“Work-life balance is a myth.”  A very heavy hitter in the online business space recently posted that to social media.

As a time management coach, I couldn’t agree less.  A desirable work-life balance is achievable, but only if you consciously work to create it.

Today, I’m sharing 5 ways to build work-life balance as a solopreneur or small business owner.  Don’t own a business?  You’ll probably still find them helpful.

5 Ways to build work-life balance as a solopreneur:  Introduction

So many of the people I meet struggle with work-life balance.  They feel tired, overworked, and even burned out.  They think they don’t have the time or energy to create the kind of balance they want.  Many of them aren’t even sure where to start.  So, they often don’t start at all.
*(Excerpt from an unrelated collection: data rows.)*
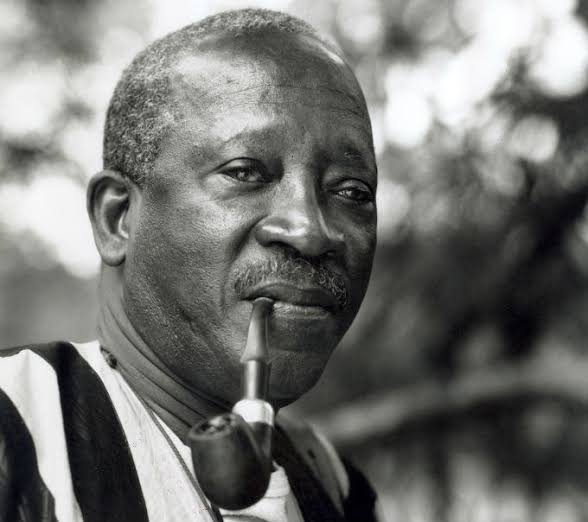 Black and white photo of an older man in a striped shirt, holding a pipe in his mouth, looking slightly away from the camera at the Red Balloon Festival Africa. - Kipaji Lab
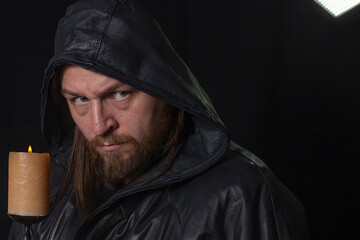 Portrait of a man in a cloak with a hood against a dark background with a candle on candlestick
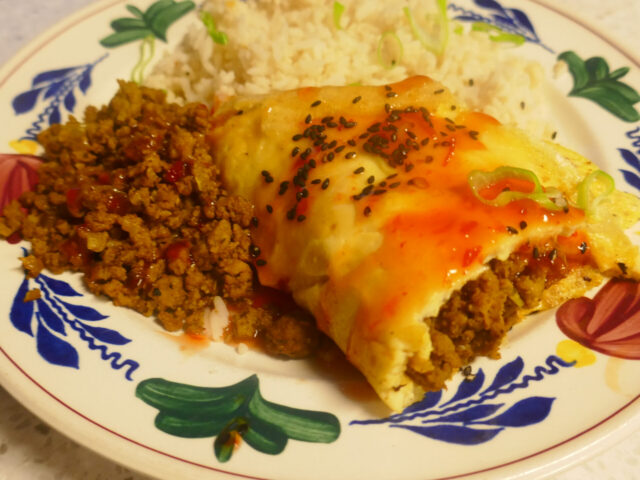 Met kerriegehakt gevulde omelet, ijsbergsla en rijst
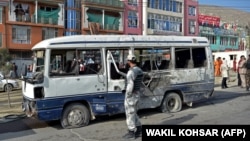A security personnel visits the site of a blast in Kabul on March 18 that hit a bus carrying government employees.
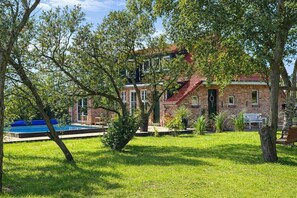 Una casa de ladrillo con techo rojo, piscina y césped bien cuidado.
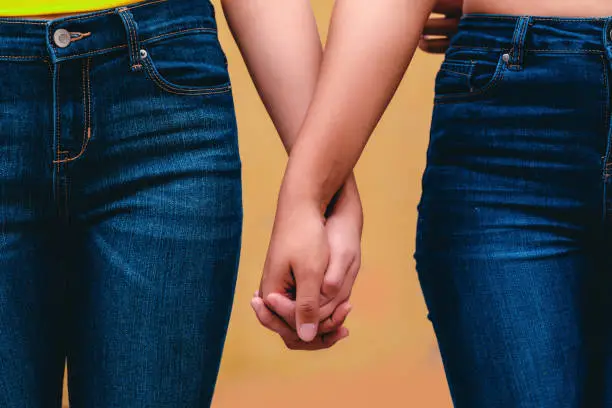Photo of close up of two unrecognized women hands together, diversity, lesbian love concept.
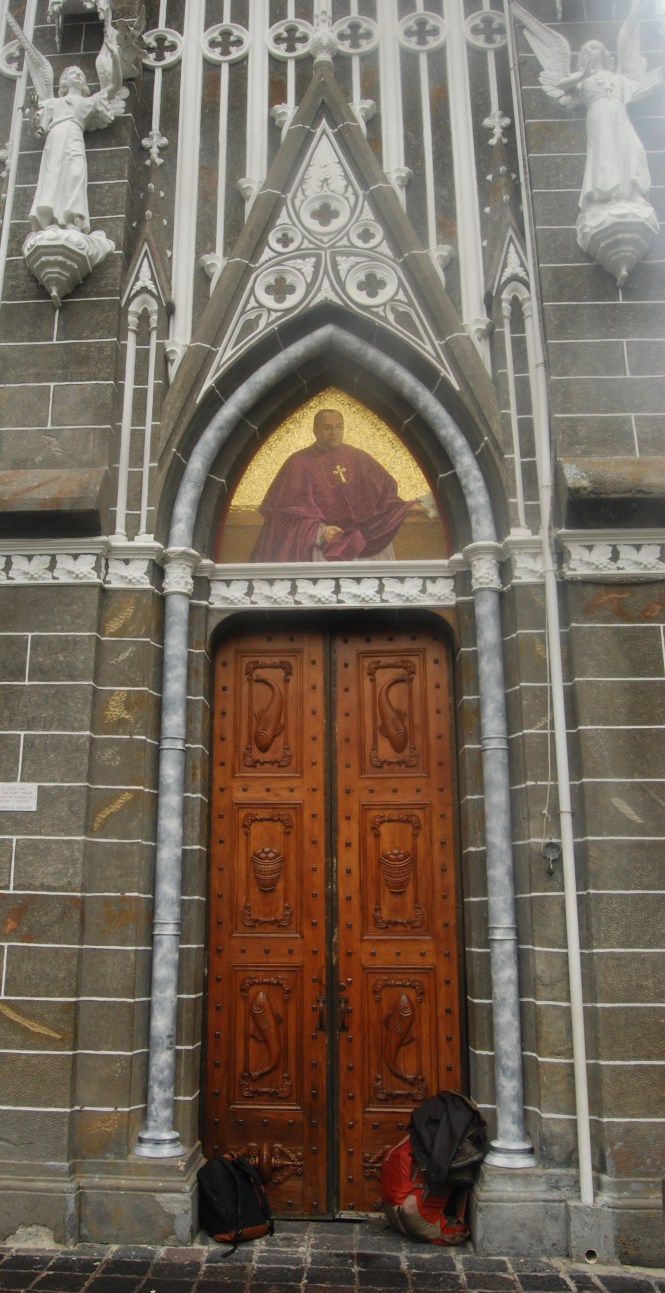 My bags sheltering from the rain as I photograph Las Lajas cathedral on the border of Colombia and Ecuador.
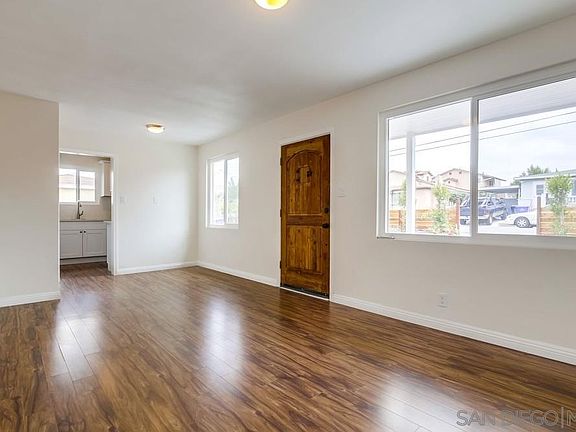 Entrance/main room (living area). Street-facing window view. Kitchen to the right as you enter through the front door.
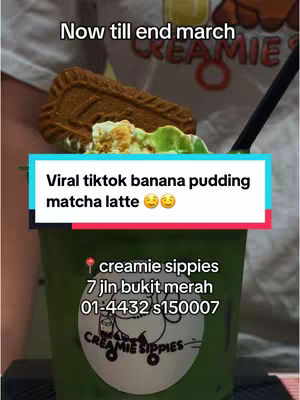 The image features a green drink in a clear cup, topped with matcha and a biscuit. Text overlays include the video title and cafe details against a background of a person's upper body wearing a white shirt.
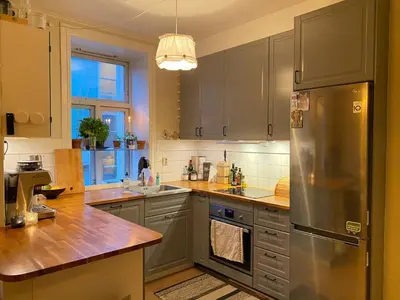 a kitchen with a stainless steel refrigerator and a sink at Beautiful and central apartment for rent during Ski WC 2025 in Trondheim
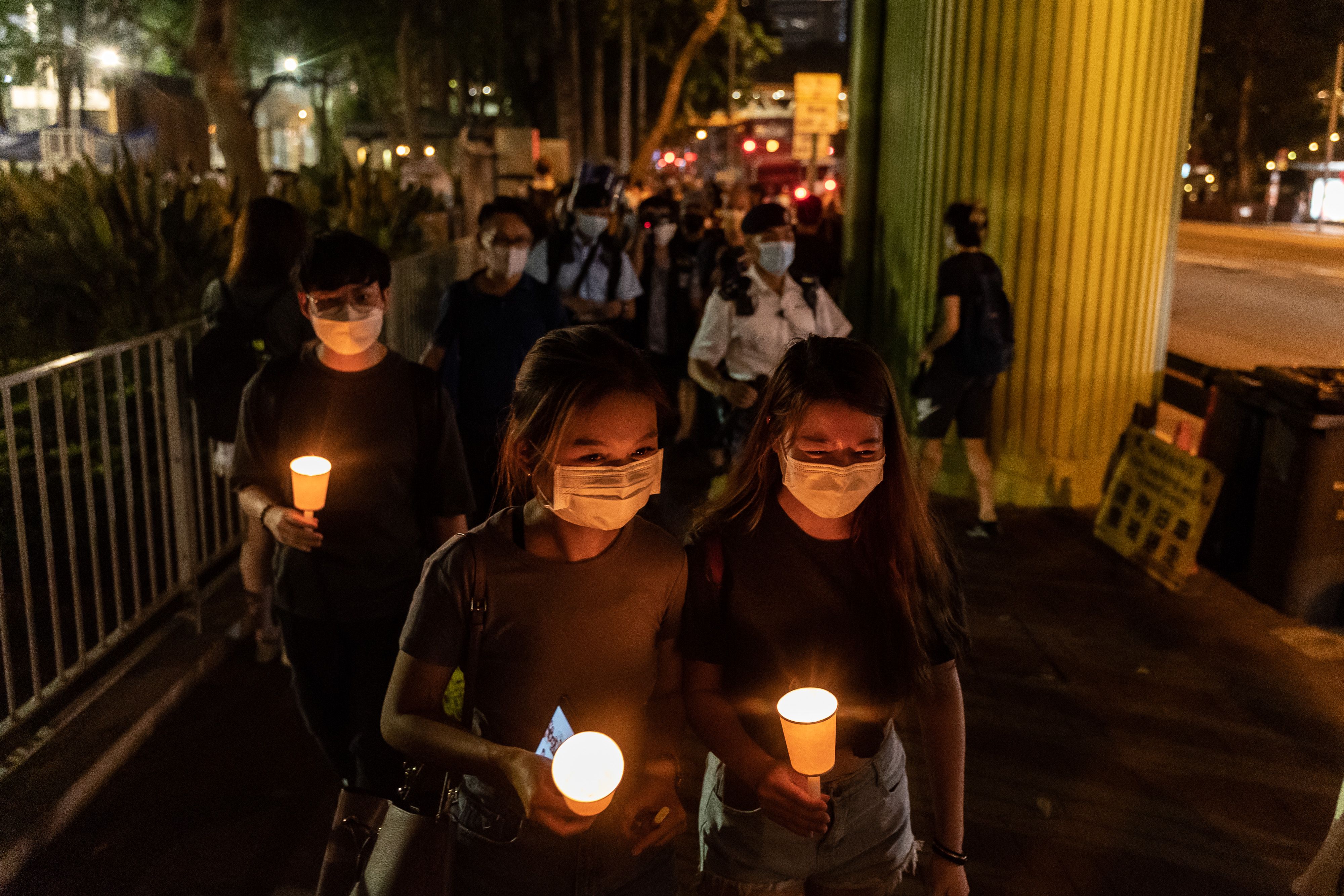 People hold candles as they walk near the Victoria Park in Hong Kong. 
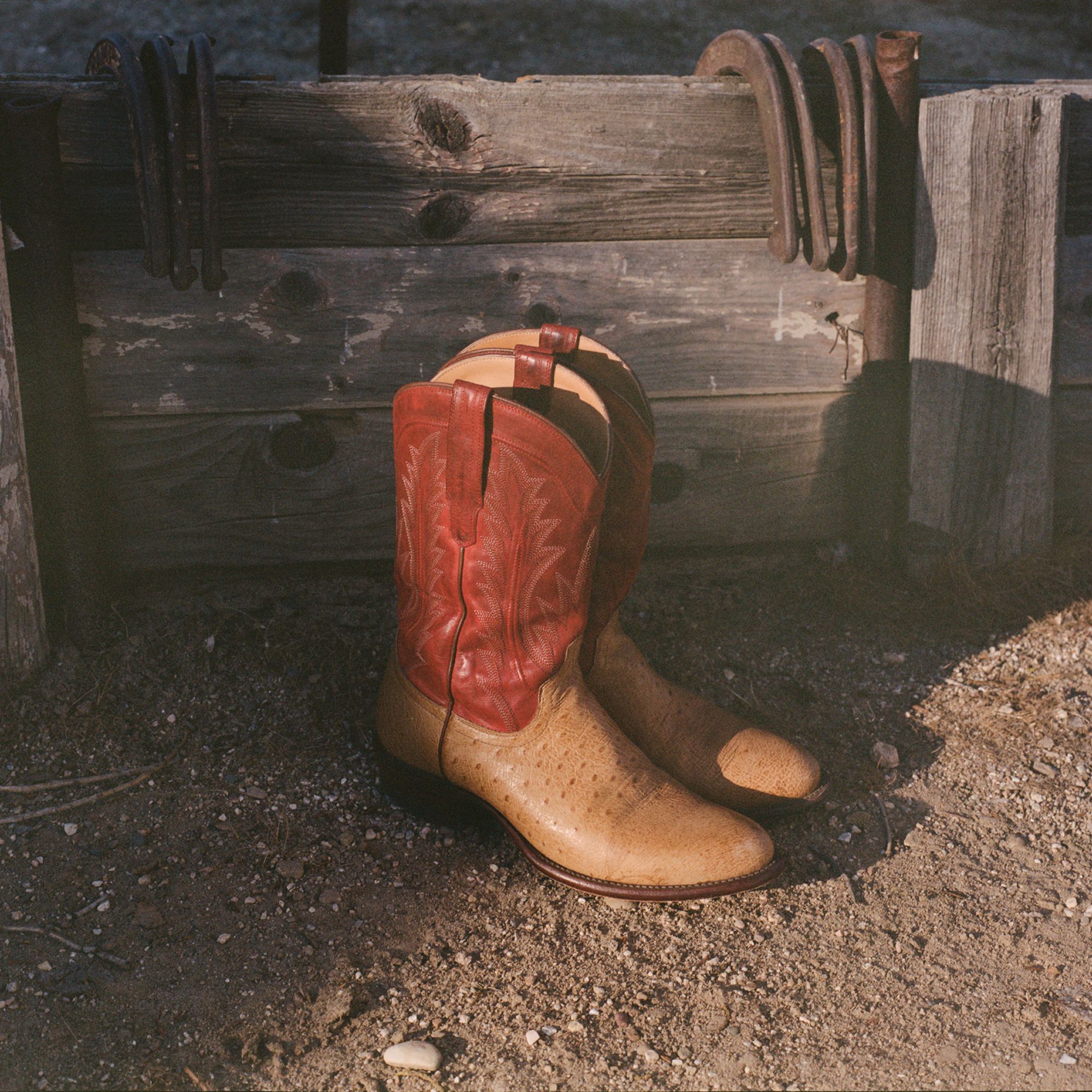 A pair of tan cowboy boots with red tops resting on dirt in front of a weathered wooden fence with horseshoes hanging on it.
Instead, they continue surviving with the same imbalance they’re used to.  However, neglecting work-life balance in the long run can lead to significant issues down the road.  It can cause increased stress, overwhelm, resentment, and even health issues.  In fact, up to 90% of disease and illness are stress-related.

Therefore, building work-life balance is important not only to help you feel better now, but to safeguard your physical, mental, emotional, and social health into the future.  Today, I’m sharing 5 steps to build work-life balance.

Define what work-life balance means to you

What doesn’t get measured, can’t be improved.  The first step to building work-life balance, then, is to define what “balance” means to you.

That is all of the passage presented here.